### Exercise aim
Word for word, please restate the lines from the beginning of the data through the line in which "12362 Maura Lane" appears.

### Supplied data
---

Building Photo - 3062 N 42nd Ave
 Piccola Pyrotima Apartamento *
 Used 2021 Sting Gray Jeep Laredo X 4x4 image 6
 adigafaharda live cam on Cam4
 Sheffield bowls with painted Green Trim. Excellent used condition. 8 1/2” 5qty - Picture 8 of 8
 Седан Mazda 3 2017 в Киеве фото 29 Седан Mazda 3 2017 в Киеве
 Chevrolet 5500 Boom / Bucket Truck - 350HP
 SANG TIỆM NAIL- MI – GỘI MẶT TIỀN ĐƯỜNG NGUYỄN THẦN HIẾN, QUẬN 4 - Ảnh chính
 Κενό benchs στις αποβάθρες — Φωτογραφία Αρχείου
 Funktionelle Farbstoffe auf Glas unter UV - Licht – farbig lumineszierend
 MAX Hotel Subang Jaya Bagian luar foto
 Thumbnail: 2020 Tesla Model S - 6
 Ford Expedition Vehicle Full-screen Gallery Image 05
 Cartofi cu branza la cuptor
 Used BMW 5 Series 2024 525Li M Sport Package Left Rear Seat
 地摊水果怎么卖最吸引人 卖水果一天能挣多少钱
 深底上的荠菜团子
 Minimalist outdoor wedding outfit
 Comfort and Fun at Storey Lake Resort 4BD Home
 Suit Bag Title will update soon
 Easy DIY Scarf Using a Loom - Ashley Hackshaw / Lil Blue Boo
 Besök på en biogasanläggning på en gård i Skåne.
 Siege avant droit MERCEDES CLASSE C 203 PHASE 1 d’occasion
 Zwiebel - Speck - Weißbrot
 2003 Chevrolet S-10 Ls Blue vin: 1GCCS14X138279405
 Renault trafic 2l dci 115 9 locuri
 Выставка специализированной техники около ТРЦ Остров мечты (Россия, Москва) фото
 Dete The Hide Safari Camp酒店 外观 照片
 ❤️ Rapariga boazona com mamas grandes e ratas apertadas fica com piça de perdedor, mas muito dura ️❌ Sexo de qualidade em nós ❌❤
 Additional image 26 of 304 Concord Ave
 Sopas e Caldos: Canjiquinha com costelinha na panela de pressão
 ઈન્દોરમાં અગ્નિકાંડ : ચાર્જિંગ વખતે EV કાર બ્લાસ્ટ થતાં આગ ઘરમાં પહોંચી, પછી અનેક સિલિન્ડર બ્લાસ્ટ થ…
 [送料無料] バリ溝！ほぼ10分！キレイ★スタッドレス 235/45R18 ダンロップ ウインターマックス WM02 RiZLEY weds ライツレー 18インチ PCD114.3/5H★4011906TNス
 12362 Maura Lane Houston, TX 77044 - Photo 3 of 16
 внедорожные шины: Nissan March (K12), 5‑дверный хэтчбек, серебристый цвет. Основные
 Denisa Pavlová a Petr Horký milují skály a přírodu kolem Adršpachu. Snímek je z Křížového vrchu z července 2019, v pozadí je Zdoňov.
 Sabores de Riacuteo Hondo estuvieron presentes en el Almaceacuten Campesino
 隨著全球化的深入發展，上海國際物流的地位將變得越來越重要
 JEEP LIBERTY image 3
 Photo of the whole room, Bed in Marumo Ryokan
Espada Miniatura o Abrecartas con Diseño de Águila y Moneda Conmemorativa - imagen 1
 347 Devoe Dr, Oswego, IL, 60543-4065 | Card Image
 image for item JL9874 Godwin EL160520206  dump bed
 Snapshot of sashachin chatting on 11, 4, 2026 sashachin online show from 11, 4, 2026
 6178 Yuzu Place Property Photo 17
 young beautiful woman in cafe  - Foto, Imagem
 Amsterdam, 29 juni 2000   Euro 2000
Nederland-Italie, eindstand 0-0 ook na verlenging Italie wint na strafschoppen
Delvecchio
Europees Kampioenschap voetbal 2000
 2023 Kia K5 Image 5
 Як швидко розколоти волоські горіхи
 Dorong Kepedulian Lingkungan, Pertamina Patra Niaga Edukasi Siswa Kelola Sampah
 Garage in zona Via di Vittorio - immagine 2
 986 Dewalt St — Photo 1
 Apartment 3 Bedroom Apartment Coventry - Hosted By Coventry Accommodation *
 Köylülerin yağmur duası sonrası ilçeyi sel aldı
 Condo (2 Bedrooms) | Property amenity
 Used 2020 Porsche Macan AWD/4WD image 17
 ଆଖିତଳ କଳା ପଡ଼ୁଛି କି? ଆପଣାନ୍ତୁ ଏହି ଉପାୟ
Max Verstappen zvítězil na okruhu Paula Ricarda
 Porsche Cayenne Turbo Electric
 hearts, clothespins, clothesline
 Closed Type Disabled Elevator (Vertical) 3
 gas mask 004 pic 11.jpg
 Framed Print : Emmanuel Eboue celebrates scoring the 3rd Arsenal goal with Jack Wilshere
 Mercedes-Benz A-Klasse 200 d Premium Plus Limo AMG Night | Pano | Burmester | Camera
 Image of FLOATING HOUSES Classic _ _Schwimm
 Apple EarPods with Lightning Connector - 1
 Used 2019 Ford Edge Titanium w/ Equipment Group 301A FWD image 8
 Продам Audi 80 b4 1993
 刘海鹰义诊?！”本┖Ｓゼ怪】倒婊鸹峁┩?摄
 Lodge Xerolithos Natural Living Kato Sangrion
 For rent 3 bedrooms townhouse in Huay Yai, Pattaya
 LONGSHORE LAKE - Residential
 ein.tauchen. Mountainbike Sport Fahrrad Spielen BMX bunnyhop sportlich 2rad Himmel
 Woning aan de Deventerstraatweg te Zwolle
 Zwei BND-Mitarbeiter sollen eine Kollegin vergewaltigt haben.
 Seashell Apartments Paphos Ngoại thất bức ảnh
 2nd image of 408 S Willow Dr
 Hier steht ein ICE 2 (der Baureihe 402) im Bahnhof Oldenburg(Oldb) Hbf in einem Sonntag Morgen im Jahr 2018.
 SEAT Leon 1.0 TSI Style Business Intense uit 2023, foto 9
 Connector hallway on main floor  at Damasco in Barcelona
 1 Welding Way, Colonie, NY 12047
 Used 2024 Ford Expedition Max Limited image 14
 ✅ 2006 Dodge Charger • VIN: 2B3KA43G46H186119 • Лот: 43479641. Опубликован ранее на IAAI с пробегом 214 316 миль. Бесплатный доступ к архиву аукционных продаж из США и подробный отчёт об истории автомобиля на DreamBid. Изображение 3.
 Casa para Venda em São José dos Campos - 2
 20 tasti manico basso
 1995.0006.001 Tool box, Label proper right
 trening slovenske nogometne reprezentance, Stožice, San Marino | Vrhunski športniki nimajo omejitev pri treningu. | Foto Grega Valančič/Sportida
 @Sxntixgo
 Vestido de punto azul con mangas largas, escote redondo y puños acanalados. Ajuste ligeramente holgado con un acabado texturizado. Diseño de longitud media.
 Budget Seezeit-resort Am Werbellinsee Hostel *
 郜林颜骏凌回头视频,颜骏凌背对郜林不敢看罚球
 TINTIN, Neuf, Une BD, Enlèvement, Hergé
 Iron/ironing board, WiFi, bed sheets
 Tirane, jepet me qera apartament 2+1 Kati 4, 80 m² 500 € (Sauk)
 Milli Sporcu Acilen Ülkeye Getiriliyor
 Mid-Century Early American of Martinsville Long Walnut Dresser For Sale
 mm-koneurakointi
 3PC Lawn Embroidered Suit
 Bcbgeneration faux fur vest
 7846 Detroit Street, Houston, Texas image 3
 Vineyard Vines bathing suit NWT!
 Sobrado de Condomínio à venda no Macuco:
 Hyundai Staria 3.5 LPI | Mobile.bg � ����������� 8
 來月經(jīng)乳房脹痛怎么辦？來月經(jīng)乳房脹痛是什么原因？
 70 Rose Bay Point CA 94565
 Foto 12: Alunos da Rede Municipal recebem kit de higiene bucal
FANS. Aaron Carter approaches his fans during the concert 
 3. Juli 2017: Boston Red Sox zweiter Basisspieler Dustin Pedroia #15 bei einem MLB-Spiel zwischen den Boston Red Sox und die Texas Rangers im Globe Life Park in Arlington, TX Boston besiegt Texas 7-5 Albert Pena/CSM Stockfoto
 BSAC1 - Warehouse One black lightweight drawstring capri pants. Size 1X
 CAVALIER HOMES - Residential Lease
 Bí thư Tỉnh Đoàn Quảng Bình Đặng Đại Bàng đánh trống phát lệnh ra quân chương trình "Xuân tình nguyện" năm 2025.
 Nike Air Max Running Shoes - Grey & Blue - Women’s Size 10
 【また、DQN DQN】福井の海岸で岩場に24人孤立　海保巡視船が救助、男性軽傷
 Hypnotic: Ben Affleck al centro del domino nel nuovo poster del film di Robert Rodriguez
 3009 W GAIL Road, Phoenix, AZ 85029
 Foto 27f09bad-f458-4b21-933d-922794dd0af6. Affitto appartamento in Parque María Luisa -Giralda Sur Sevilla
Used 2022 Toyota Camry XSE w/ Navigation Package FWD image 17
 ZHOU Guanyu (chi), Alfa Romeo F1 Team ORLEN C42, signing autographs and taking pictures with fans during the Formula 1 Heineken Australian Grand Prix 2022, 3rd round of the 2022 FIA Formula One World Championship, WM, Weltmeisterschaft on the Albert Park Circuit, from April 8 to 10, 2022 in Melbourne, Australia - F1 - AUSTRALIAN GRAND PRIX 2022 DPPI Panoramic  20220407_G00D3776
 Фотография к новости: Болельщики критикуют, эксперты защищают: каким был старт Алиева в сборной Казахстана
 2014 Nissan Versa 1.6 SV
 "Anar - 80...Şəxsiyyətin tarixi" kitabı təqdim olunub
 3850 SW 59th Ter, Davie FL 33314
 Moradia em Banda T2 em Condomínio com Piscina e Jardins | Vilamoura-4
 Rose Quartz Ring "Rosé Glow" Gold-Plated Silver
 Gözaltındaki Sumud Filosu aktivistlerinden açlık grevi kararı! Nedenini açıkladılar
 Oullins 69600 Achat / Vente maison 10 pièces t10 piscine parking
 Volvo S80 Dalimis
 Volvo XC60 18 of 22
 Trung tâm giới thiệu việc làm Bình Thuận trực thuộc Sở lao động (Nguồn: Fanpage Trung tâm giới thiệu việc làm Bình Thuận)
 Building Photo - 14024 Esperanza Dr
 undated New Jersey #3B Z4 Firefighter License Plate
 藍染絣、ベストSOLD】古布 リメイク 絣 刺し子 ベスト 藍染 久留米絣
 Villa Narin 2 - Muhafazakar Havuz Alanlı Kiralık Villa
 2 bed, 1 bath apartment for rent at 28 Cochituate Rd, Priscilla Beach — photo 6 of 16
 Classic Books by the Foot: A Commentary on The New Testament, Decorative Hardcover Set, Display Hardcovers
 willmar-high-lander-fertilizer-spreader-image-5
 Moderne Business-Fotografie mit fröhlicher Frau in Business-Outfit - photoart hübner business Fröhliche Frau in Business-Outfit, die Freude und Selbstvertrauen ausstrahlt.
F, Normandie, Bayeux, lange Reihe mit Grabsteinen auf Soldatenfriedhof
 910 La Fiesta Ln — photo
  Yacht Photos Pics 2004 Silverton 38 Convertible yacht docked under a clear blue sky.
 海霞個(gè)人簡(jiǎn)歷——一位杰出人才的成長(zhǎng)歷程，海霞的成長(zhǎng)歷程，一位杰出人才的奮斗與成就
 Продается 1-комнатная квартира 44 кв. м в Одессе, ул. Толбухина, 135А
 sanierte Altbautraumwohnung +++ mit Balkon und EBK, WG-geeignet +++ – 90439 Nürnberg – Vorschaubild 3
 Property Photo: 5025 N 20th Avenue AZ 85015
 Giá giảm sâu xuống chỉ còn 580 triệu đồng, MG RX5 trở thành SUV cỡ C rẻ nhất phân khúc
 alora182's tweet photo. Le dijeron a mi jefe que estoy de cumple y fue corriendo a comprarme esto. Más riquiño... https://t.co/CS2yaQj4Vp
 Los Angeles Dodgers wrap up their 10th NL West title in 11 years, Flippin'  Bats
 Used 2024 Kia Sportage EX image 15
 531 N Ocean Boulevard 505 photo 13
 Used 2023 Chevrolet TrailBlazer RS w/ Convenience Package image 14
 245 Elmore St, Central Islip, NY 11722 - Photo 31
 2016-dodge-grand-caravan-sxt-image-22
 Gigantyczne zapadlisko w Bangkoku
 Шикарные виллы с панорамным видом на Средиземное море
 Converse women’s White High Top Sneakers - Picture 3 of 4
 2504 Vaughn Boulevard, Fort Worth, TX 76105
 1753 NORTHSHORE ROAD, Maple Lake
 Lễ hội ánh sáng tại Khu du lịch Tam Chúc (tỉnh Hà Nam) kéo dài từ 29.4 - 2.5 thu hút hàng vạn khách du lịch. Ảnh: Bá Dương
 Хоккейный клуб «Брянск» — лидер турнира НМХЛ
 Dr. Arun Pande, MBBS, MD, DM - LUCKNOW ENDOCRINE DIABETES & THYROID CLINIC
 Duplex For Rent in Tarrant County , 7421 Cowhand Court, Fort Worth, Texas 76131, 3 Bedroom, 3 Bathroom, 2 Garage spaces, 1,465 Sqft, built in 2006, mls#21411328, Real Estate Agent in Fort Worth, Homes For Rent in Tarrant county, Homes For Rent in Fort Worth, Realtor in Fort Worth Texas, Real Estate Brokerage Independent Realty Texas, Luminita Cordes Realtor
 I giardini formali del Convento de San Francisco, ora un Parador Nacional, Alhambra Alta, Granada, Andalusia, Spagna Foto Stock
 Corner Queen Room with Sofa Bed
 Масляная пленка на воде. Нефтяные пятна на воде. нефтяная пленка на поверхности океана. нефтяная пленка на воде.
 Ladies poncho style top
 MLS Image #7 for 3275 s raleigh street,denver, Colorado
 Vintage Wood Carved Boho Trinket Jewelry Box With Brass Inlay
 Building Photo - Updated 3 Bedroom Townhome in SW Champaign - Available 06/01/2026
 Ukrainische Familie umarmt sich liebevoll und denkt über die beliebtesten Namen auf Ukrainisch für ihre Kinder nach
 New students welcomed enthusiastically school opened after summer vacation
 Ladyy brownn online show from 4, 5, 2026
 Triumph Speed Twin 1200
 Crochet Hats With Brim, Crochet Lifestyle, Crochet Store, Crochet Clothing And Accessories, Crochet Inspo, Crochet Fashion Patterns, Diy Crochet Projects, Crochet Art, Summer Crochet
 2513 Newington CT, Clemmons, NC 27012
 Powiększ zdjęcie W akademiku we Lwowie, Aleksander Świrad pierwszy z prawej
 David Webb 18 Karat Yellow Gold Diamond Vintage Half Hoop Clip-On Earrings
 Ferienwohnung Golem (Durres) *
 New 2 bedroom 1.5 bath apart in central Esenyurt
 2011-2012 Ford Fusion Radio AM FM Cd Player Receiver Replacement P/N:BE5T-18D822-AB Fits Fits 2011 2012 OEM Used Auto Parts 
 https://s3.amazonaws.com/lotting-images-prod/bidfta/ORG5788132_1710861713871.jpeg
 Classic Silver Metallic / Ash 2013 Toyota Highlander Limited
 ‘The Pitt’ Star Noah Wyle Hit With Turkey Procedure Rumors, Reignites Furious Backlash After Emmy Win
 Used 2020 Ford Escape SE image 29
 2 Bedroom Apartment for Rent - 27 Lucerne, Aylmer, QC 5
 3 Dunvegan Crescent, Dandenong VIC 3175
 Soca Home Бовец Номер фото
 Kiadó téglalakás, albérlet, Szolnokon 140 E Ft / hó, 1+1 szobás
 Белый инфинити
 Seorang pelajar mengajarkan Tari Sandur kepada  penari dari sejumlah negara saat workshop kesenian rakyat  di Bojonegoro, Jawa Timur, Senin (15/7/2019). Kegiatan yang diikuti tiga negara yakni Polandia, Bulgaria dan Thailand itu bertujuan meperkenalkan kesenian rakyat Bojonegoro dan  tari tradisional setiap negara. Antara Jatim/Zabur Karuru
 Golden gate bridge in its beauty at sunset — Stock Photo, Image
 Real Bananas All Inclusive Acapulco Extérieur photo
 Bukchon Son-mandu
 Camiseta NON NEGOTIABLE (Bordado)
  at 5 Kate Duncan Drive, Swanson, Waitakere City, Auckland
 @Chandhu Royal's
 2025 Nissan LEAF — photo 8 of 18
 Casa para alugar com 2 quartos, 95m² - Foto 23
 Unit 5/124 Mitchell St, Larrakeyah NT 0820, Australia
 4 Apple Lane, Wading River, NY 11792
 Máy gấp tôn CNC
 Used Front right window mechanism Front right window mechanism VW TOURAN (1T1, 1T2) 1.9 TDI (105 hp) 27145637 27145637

---

### Exercise result
Building Photo - 3062 N 42nd Ave
 Piccola Pyrotima Apartamento *
 Used 2021 Sting Gray Jeep Laredo X 4x4 image 6
 adigafaharda live cam on Cam4
 Sheffield bowls with painted Green Trim. Excellent used condition. 8 1/2” 5qty - Picture 8 of 8
 Седан Mazda 3 2017 в Киеве фото 29 Седан Mazda 3 2017 в Киеве
 Chevrolet 5500 Boom / Bucket Truck - 350HP
 SANG TIỆM NAIL- MI – GỘI MẶT TIỀN ĐƯỜNG NGUYỄN THẦN HIẾN, QUẬN 4 - Ảnh chính
 Κενό benchs στις αποβάθρες — Φωτογραφία Αρχείου
 Funktionelle Farbstoffe auf Glas unter UV - Licht – farbig lumineszierend
 MAX Hotel Subang Jaya Bagian luar foto
 Thumbnail: 2020 Tesla Model S - 6
 Ford Expedition Vehicle Full-screen Gallery Image 05
 Cartofi cu branza la cuptor
 Used BMW 5 Series 2024 525Li M Sport Package Left Rear Seat
 地摊水果怎么卖最吸引人 卖水果一天能挣多少钱
 深底上的荠菜团子
 Minimalist outdoor wedding outfit
 Comfort and Fun at Storey Lake Resort 4BD Home
 Suit Bag Title will update soon
 Easy DIY Scarf Using a Loom - Ashley Hackshaw / Lil Blue Boo
 Besök på en biogasanläggning på en gård i Skåne.
 Siege avant droit MERCEDES CLASSE C 203 PHASE 1 d’occasion
 Zwiebel - Speck - Weißbrot
 2003 Chevrolet S-10 Ls Blue vin: 1GCCS14X138279405
 Renault trafic 2l dci 115 9 locuri
 Выставка специализированной техники около ТРЦ Остров мечты (Россия, Москва) фото
 Dete The Hide Safari Camp酒店 外观 照片
 ❤️ Rapariga boazona com mamas grandes e ratas apertadas fica com piça de perdedor, mas muito dura ️❌ Sexo de qualidade em nós ❌❤
 Additional image 26 of 304 Concord Ave
 Sopas e Caldos: Canjiquinha com costelinha na panela de pressão
 ઈન્દોરમાં અગ્નિકાંડ : ચાર્જિંગ વખતે EV કાર બ્લાસ્ટ થતાં આગ ઘરમાં પહોંચી, પછી અનેક સિલિન્ડર બ્લાસ્ટ થ…
 [送料無料] バリ溝！ほぼ10分！キレイ★スタッドレス 235/45R18 ダンロップ ウインターマックス WM02 RiZLEY weds ライツレー 18インチ PCD114.3/5H★4011906TNス
 12362 Maura Lane Houston, TX 77044 - Photo 3 of 16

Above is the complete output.